Why your home loan might cost more even if the RBA doesn't hike rates
The cash rate is unlikely to increase this year, but that doesn't mean your low home loan interest rate is guaranteed to stay put.
According to the 39 economists who took part in April's Finder RBA Cash Rate Survey, Australia's cash rate will stay at 0.10% for the foreseeable future. For homeowners and potential buyers, this should be good news. As home loan rates usually rise and fall with the cash rate, a low cash rate should ensure ongoing low interest rates for homeowners.
However, history tells us that in an extended period with a static rate, banks tend to do their own thing - including pushing up interest rates.
The cash rate determines the fee that your bank pays to the Australian central bank for borrowing money. A high cash rate means that borrowing is expensive - banks become more reliant on the cash in their vaults and charge consumers a higher rate to lend it out.
A low cash rate has the opposite effect - with banks able to access loans cheaply, they are able to pass those savings on to their customers. Competition between the banks ensures there is ample market pressure for the banks to promptly follow the cash rate.
However, a bank's cost of doing business can change even if the cash rate doesn't move. While banks would normally factor the extra costs of doing business into their interest rate cuts - reducing their rate by a little less than an RBA cash rate cut to compensate for increased costs, for example - an extended period of cash rate stagnation means there are no opportunities for banks to adjust rates in response to the RBA.
In this situation, they often decide to move their home loan rates independently. This is called an out-of-cycle rate hike - and they are not uncommon.
For 34 months between August 2016 and May 2019, Australia's cash rate sat unchanged at 1.50%. Over this same period Australian banks changed their interest rates seven times, according to Reserve Bank data. Five of those moves were rate increases.

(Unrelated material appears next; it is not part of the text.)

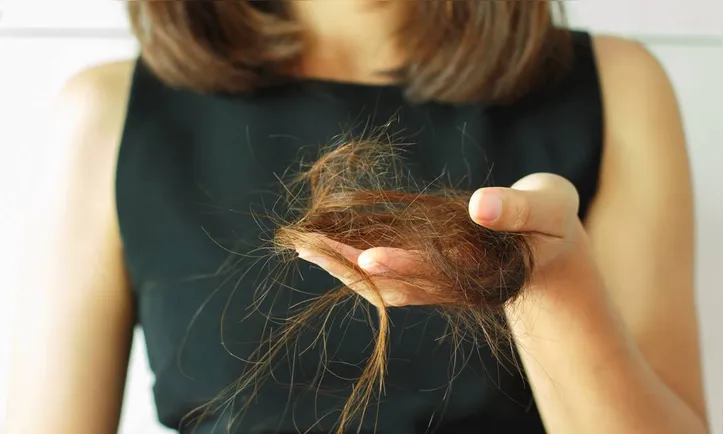 Imagem ilustrativa da imagem O que o inverno tem a ver com a queda de cabelo? Entenda essa relação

The RBA's data covers registered financial institutions which, according to APRA, have $6 billion or more on their housing loan books. This threshold captures 95% of the total home loan market.

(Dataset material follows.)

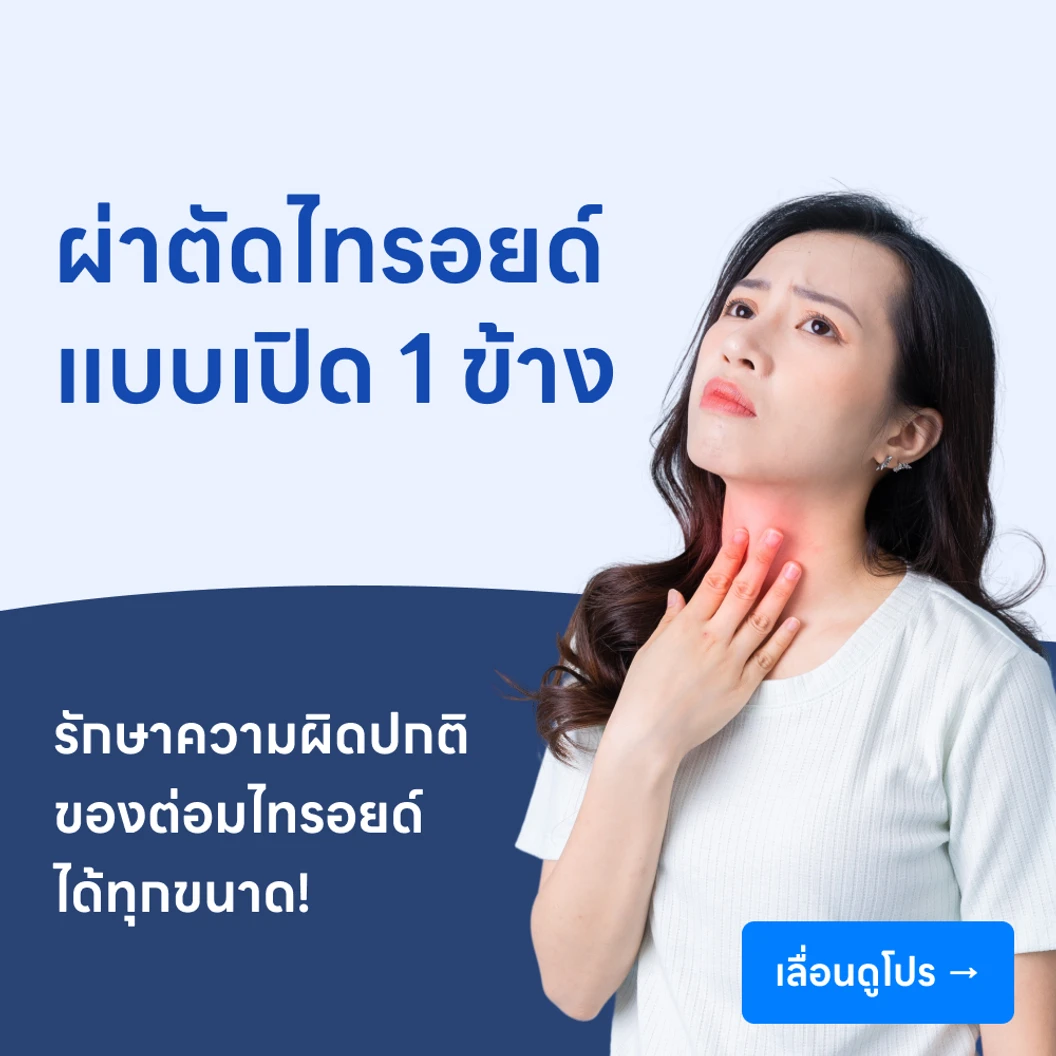 ผ่าตัดไทรอยด์ แบบเปิด (Open Subtotal Thyroidectomy)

The data shows that the average variable rate across Australian banks was 5.26% at the beginning of this period, rose to 5.29% by May 2017 and then fell to 5.22% two months later. It remained at this lower rate for 15 months before a series of increases between September 2018 and January 2019 resulted in a new average rate of 5.37%.
While these are not huge movements, they can still impact the cost of your loan. With the average Sydney home at the start of this period costing around $900,000, a rate increase from 5.26% to 5.37% would cost the average purchaser an extra $590 annually, presuming they paid a 20% deposit.
Therefore even if the RBA decides to leave the cash rate at 0.10% until the end of 2022, as predicted by the majority of economists in our survey, this does not mean your home loan repayments will stay the same.
While we saw moderate variable rate movements during the last period of stagnation, the next few months will be a very unpredictable time for the Australian and world economies. With vaccination program rollouts slowing in many countries and international travel likely to remain restricted for the foreseeable future, the cost of doing business for the banks may fluctuate. This could lead to more dramatic out-of-cycle rate changes than we have seen before.
The lesson here for potential first-time buyers is - don't set your budget based on today's rates remaining in place. For both current and potential homeowners, these numbers emphasise the importance of shopping around and reducing the interest rate you are currently paying. After all, future rises can be absorbed if you move to a lower rate now.
While the housing market is surging in favour of sellers, the low interest rates and increased competition between banks for owner-occupier business is resulting in very good value out there for homeowners and potential buyers - or at least those who are willing to do a little work to find it.